Stateless MCP is also a big win. The original SSE protocol (Server-Sent Events) is not stateless and clients have to implement a bit of a state machine to work with it. The newer HTTP Streamable approach is much cleaner, and allows things like “validate JWT on every call” to work seamlessly.
When you can, go stateless every time.
MCP is Not Hard, and Provides Great Primitives
The MCP protocol is actually pretty simple, and there are great libraries out there for implementing your own. That was a very important part of this project; the ability to create my own MCP service with properties that I needed, properties that I hadn’t really seen before, was a big win.
The fact that MCP is basically universal is both a security curse, and in this case, a security blessing. A universal protocol can create opportunities for credential aggregation, which is very much not ideal. But it can also create opportunities for sandboxing; create your own, strip out everything else, and you are pretty much guaranteed that the LLM agent will be able to use the tools you specify.
That was a big win, and more is said about it in an earlier article. If you have the ability to register tools, then you usually have the ability to register only the tools you need. That’s pretty cool.
Configuration Triggers Fundamental Complexity
It’s all well and good that we can compartmentalize the work, but at some point the supervisor has to be able to assemble intent into a sequence of calls. At some point it has to know what types of agents are available to it. At some point it has to perform a partitioning of the prompt space and convert it to possibly-overlapping capabilities.
And at some point, you or an administrator must decide which capabilities are allowed to coexist within a runner. How do you configure that sanely?
It’s tough, and I have admittedly punted that down the road a bit. The way I think about it, though, is as capability groupings. It’s probably fine to group all kinds of git reads together. They should be okay coexisting. It’s probably fine to group various internal document access tasks together, modulo credential enforcement for different ownership. It’s almost certainly not fine to group internet access with system mutation.
The principles are there, and it’s quite possible to get reasonable security by just winging it in this case: reads not coupled with writes, internet access with some kind of summarization but never with financial access, etc.
This is an open question, and something I’m currently fiddling with on this project. It’s anything but done, except in my mind, and what’s there is now what’s here.
Is This Really Novel?
Probably not. I do think that the specific combination of things is somewhat new in this space, but you can’t point at any single piece of it and say, “Wow, that’s new.” It just isn’t. All of the bricks were already there.

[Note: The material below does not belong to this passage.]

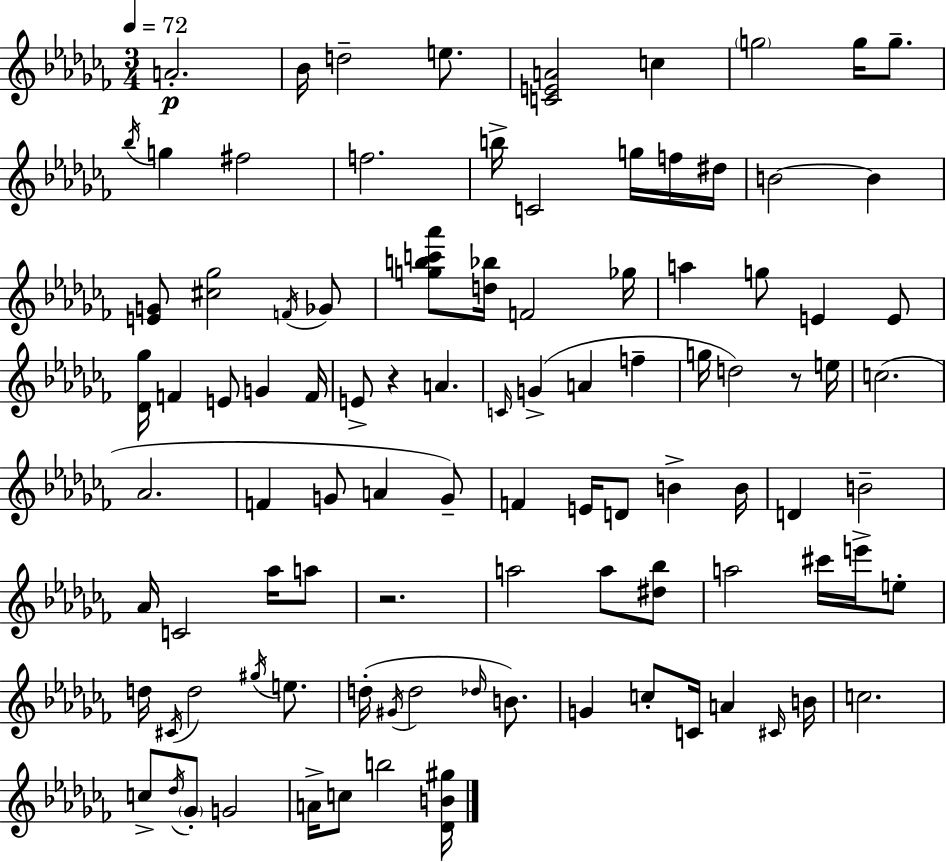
A4/h. Bb4/s D5/h E5/e. [C4,E4,A4]/h C5/q G5/h G5/s G5/e. Bb5/s G5/q F#5/h F5/h. B5/s C4/h G5/s F5/s D#5/s B4/h B4/q [E4,G4]/e [C#5,Gb5]/h F4/s Gb4/e [G5,B5,C6,Ab6]/e [D5,Bb5]/s F4/h Gb5/s A5/q G5/e E4/q E4/e [Db4,Gb5]/s F4/q E4/e G4/q F4/s E4/e R/q A4/q. C4/s G4/q A4/q F5/q G5/s D5/h R/e E5/s C5/h. Ab4/h. F4/q G4/e A4/q G4/e F4/q E4/s D4/e B4/q B4/s D4/q B4/h Ab4/s C4/h Ab5/s A5/e R/h. A5/h A5/e [D#5,Bb5]/e A5/h C#6/s E6/s E5/e D5/s C#4/s D5/h G#5/s E5/e. D5/s G#4/s D5/h Db5/s B4/e. G4/q C5/e C4/s A4/q C#4/s B4/s C5/h. C5/e Db5/s Gb4/e G4/h A4/s C5/e B5/h [Db4,B4,G#5]/s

I do feel like the concept of using MCP in a sandbox context is pretty interesting and possibly hasn’t been done before in this way, especially when combined with JWT as a mechanism for limiting tool exposure. I believe that most queueing systems don’t have such tight auth and integration to standard tools like OPA, like EntroQ does. I don’t think I’ve seen systems where the supervisor itself can scale horizontally like everything else. So there’s maybe some emergent newness here.

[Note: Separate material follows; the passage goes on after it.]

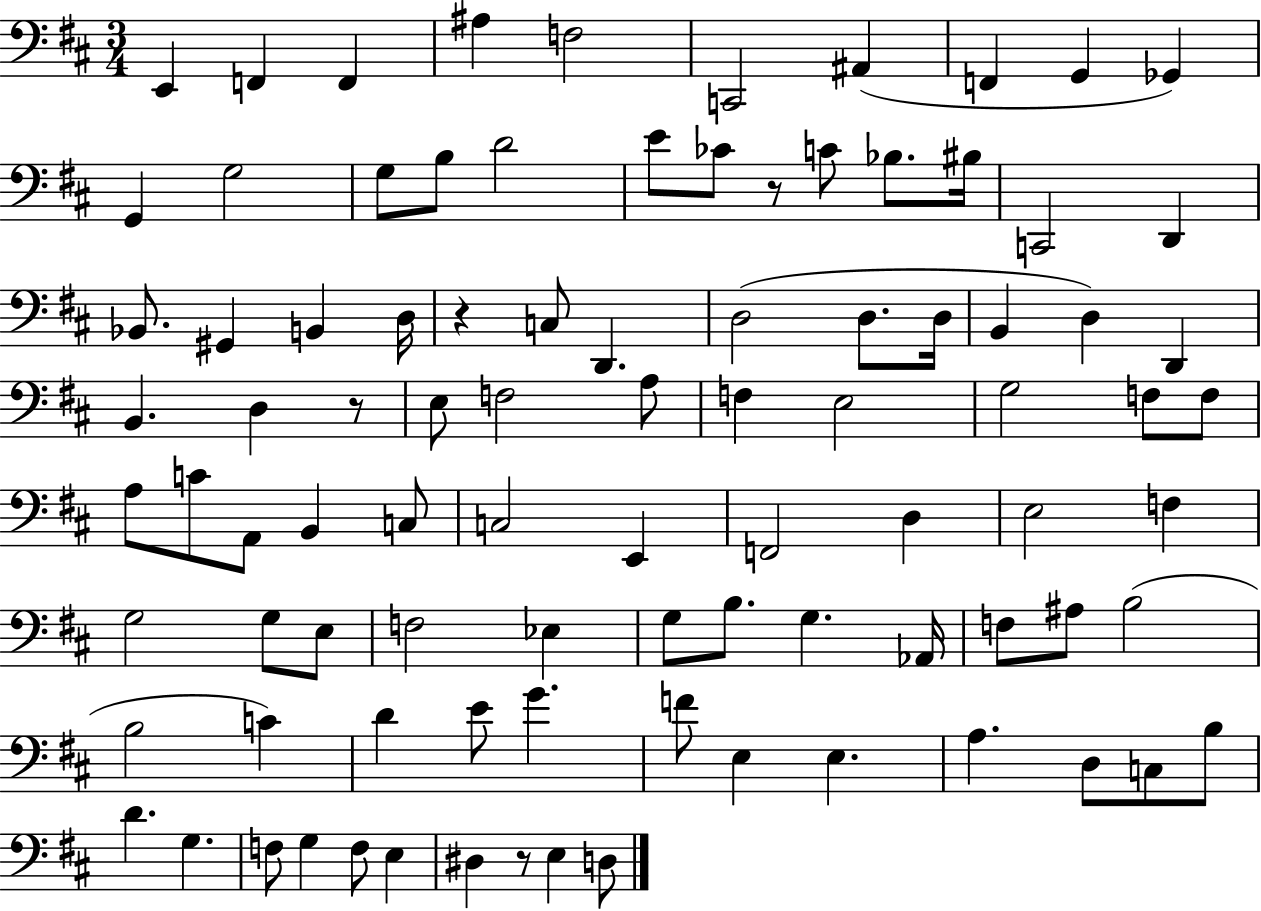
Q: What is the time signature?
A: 3/4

But even if none of this is new and I find out tomorrow that I pulled a Leibniz (or Newton, depending on who wrote the history) and reinvented something someone else already did, the things I learned from this are valuable. It’s been fun, it’s been rewarding, and it’s been a catalyst for other ideas like Engram, which I built while doing this work; it’s my daily driver for Claude memory, and that alone was worth the effort.
Novel or not, it excites me to see that there are indeed ways to make AI agents safer and more secure, and I’m happy to see that a system like this can be useful and have so many interesting properties, even if it really is only a demo with a lot of potential.
Maybe that will be true for you, too!